I knew he’d work his way through it, though in the end the way he did was pretty ugly. Then again, it was effective. He saved Bratac and Ry’ac and personally destroyed that Jaffa with the weird albino hair.
Nothing like a little hand-to-hand kill-the-bad-guy combat to get your mind off your problems, I always say.
/-----------\
So there I was, visiting T in the infirmary once more.
But it was a different Teal'c this time, one with a successful rescue mission under his belt.
The confidence was back.
The bravado restored.
The warrior spirit reclaimed.
I took him green Jello to celebrate. This time, I didn’t have to eat it all myself. He accepted my gift with a nod.
Pulling up a chair at his bedside, I scooped up a spoonful of the green wiggly stuff and slurped it down. "So, T, got the mojo back I see."
"Indeed."
"That’s good. Doc gonna let you out of here soon?"
"She has so indicated."
"Good, that’s good," I swallowed another spoonful of Jello, "Cause my team has been one short for too long now. That is, if you still want to be on SG-1."

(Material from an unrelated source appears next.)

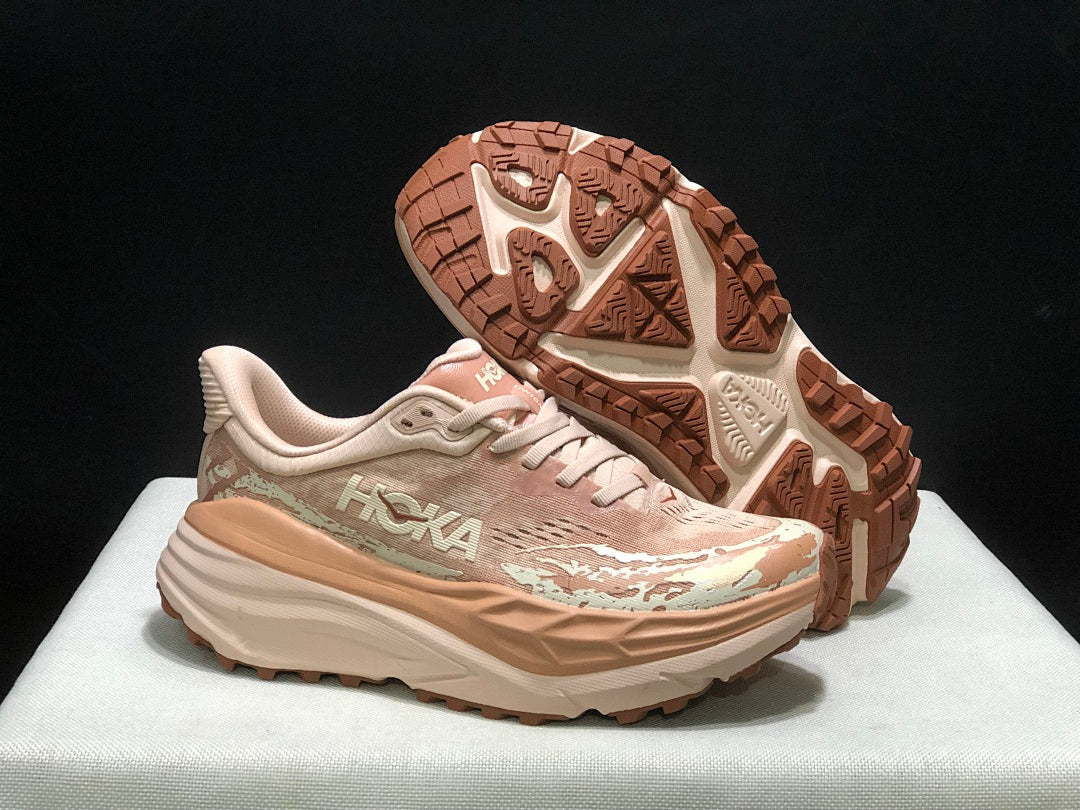 HOKA Stinson 7 Trail Running Shoes in Blush and in Cream - product image from the listing.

"I would not wish to be elsewhere."
"That’s good. That’s good." I finished my Jello and stood. "You bring the mojo, I’ll bring the bravado, Carter and Daniel bring the smarts, and we’re good as new."
"Indeed," he answered with a small smile. "I shall look forward to resuming my duties."
I smiled, and gave him a little nod, and left.
T had his mojo back, and I was going to get my alien back, and SG-1 was on the way to being back to A-OK once again.